Русофобия в России – объект наблюдения самих русских еще с XIX века. Это сложное явление, в некоторых случаях отражающее внешнюю русофобию, но в других, будучи порожденным изнутри, являющееся своеобразным бегством от самого себя.
Понятие русофобии как внутрирусское явления было введено Федором Тютчевым в 1867 г.: «следовало бы рассмотреть современное явление, приобретающее все более патологический характер. Речь идёт о русофобии некоторых русских – причем весьма почитаемых…». Русофобия как «врождённая или привитая враждебность ко всему русскому» и как страх от «всё более и более созревающая сознательность русского начала».
Тютчев обращает внимание на характерную специфику русских русофобов: христианофобию и политиофобию (фобию государства, термин Димки Гочевой).
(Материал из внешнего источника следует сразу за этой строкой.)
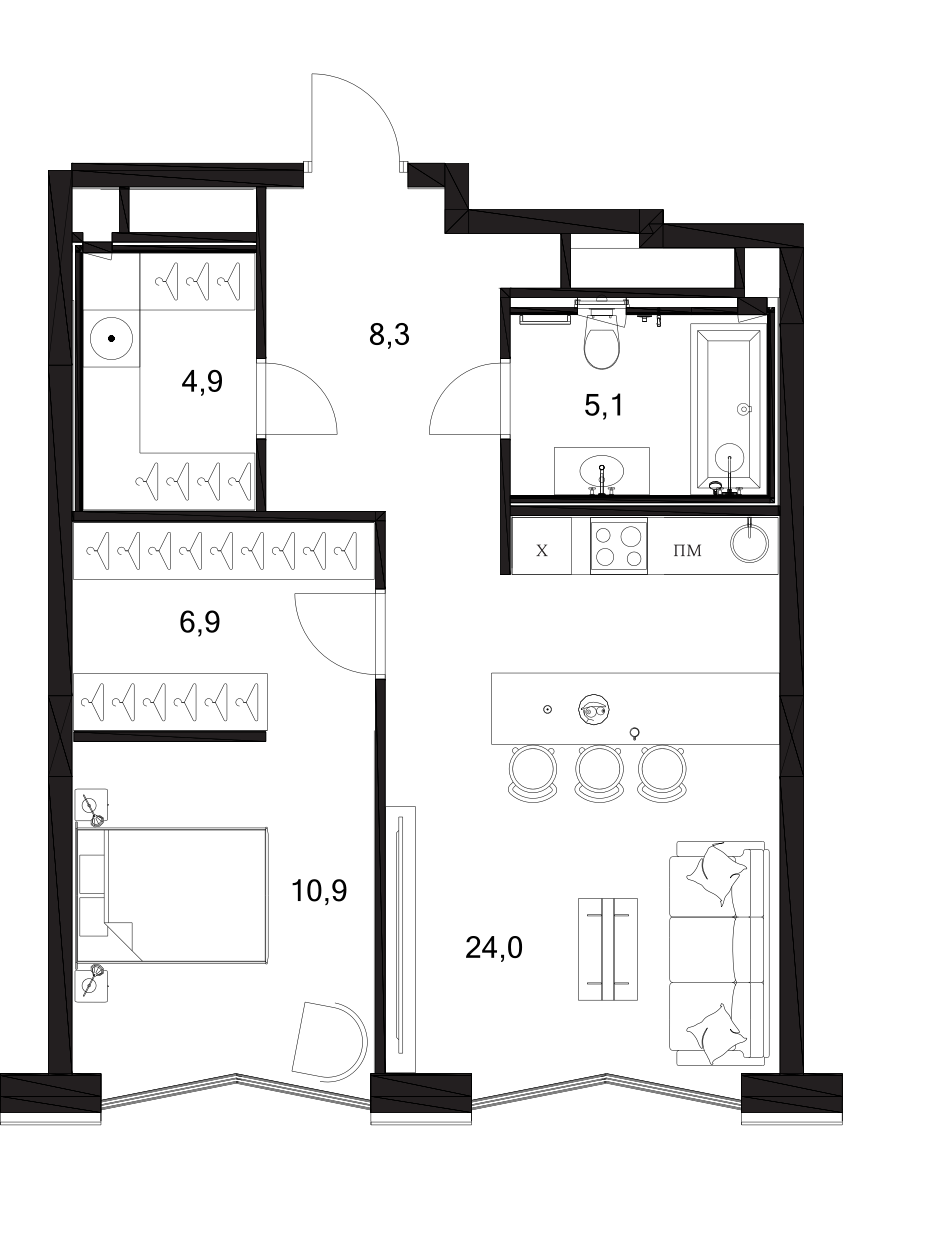 Планировка — A. Residence, 2-комн., 60 м²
Фёдор Достоевский также свидетельствует о русофобии как отчуждении элиты от России через отношение к русскому языку и отказ от православия. Достоевский описывает свой разговор с Иваном Тургеневым в 1863 году: «Он сам говорил мне, что главная мысль, основная точка его книги состоит в фразе: «Если б провалилась Россия, то не было бы никакого ни убытка, ни волнения в человечестве». Он объявил мне, что это его основное убеждение о России […] Тургенев говорил, что мы должны ползать перед немцами, что есть одна общая всем дорога и неминуемая — это цивилизация и что все попытки русизма и самостоятельности — свинство и глупость. [...] я сам считаю себя за немца, а не за русского, и горжусь этим!».
Часто русофобскими считают “Философические письма” Петра Чаадаева, но все же он на грани, а его острая критика является своеобразным чаадаевским патриотизмом. Не случайно Чаадаев так и не решается стать католиком, а лишь симпатизирует им из чувства протеста.
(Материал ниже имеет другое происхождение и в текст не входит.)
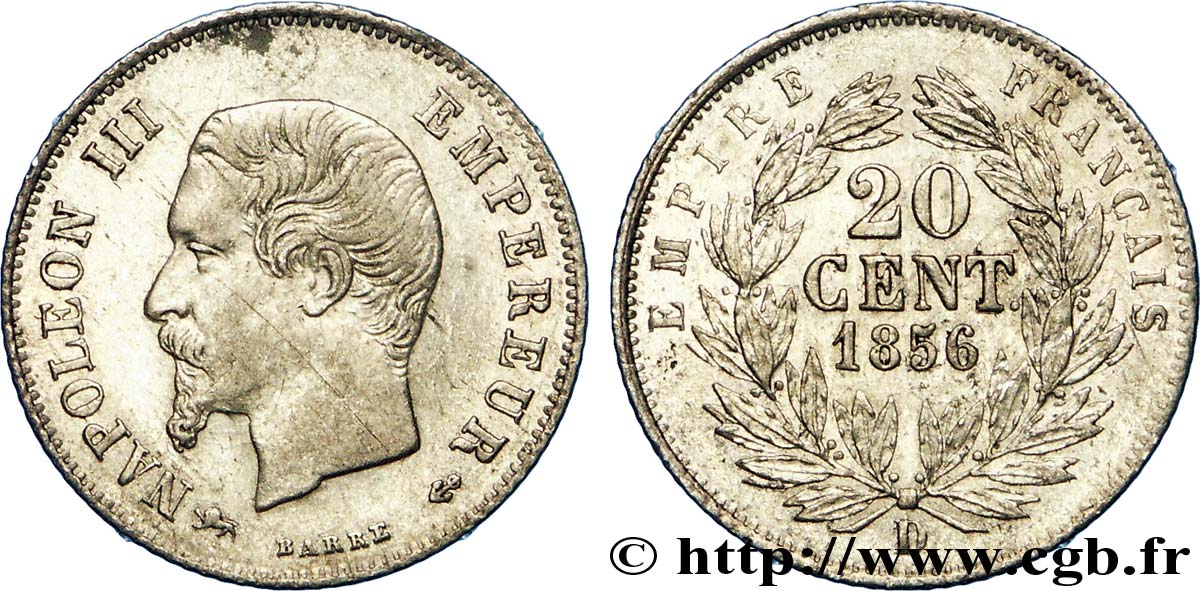 20 centimes Napoléon III, tête nue 1856 Lyon F.148/6 VZ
Классическим примером русофоба второй половины XIX века, который больше боится, чем ненавидит Россию, является русский католик Владимир Печерин: «Как сладостно – отчизну ненавидеть И жадно ждать её уничиженья! … Любить? – любить умеет всякий нищий, А ненависть – сердец могучих пища!»
Печерин, 1871 г.: «Я стараюсь теперь размотать запутанные нити разнообразных причин, побудивших меня принять католичество или, лучше сказать, искать убежища от бури под кровом католического монастыря. Одною из этих причин был непомерный страх России или, скорее, страх от Николая... Я бежал из России, как бегут из зачумленного города. Тут нечего рассуждать… Я бежал, не оглядываясь, чтобы сохранить в себе человеческого достоинства. [...] С самого детства я люблю Англию. Посреди русских степей я мечтал над картою Англии».
Печерин отказывается говорить с русским генеральным консулом в Лондоне по-русски: «Я совсем позабыл говорить по-русски», – и продолжает по-французски. Он лишен русского подданства из-за перехода в католицизм, что не мешает ему после этого искать «новые церкви». Его влечет рационализм деизма. Русофобия Печерина сочетает в себе страх перед властью, отчуждение от народа и блуждание либерального разума вдали от православия. Честное перо Печерина совсем не идеализирует Европу, но не может найти себе места, и Россия продолжает притягивать его. Печерин представляет русофобию как форму русоцентризма, но с обратным знаком.
В советское время тема внутренней русофобии была табу. В 1983 г. консервативный диссидент Игорь Шафаревич возрождает концепцию “русофобии” как российского явления, чем вызывает бурную реакцию, обвинения в “русском фашизме”, антисемитизме и так далее.
Шафаревич использует понятие “малый народ” с функцией “антинарод” в отношении большинства, “большого народа”. Это “социальный феномен”, ядро которого составляют “выходцы из еврейской среды”. В 1993 г. он пояснил, что “малый народ” не имеет “никакой специфической национальной окраски” и что “речь идет об определенном течении в еврейском национализме”.
Отношение к еврейскому вопросу у Шафаревича – это не столько антисемитизм, сколько демонизация еврейского присутствия в русских катаклизмах (1917, 1991), что снимает ответственность с других народов, имеющих представителей в элите – грузинского, украинского, русского и т.д. Обвинения в русском фашизме несостоятельны, потому что у Шафаревича нет чувства исключительности русского народа, он не защищает националистический лозунг «Россия для русских», но и не принимает термин «россияне».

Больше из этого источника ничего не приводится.